Sikap netral negara terhadap masalah agama didasarkan pada pengalaman sejarah yang menemukan bahwa masalah agama adalah masalah keyakinan subjektif. Keyakinan adalah ranah keistimewaan pribadi, atau yang disebut Nurcholis Madjid sebagai ‘anugerah utama’. Dia berada di lubuk hati terdalam yang tidak bisa dimasuki oleh orang atau kelompok lain. Karena tidak terlihat, tidak dapat dinilai dari apa yang terlihat. Orang lain yang ingin berubah itu didasarkan pada apa yang terjadi ketika mereka berhasil.

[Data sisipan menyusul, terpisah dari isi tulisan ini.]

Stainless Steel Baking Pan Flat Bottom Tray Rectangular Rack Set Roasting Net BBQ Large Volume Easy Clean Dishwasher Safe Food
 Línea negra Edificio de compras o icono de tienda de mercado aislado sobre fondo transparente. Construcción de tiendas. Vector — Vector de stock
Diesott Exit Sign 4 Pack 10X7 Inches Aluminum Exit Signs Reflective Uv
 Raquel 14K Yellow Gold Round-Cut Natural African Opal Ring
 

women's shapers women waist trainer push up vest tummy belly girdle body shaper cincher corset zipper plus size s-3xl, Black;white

Faktanya, apa yang tidak terlihat menentukan apa yang ada di hati. Bisa saja orang menjadi Muslim, tetapi mereka bukan Muslim. Atau memiliki atribut agama lain, tetapi bukan penganut agama itu. Suatu ketika, ketika artis sedang makan di sebuah restoran di Sidoarho, dia menemukan seorang wanita bercadar di meja di sebelahnya. Saat makan, menggerakkan ibu jari dan menyentuh dahi, bibir, dan dada dalam doa adalah gambaran orang Kristen. Artinya, penampilan tidak sepenuhnya mengekspresikan identitas, apalagi kualitas agama. Ketika negara mengintervensi agama, itu menjadi jelas. Dia akan tertipu karena hatinya tidak seperti itu.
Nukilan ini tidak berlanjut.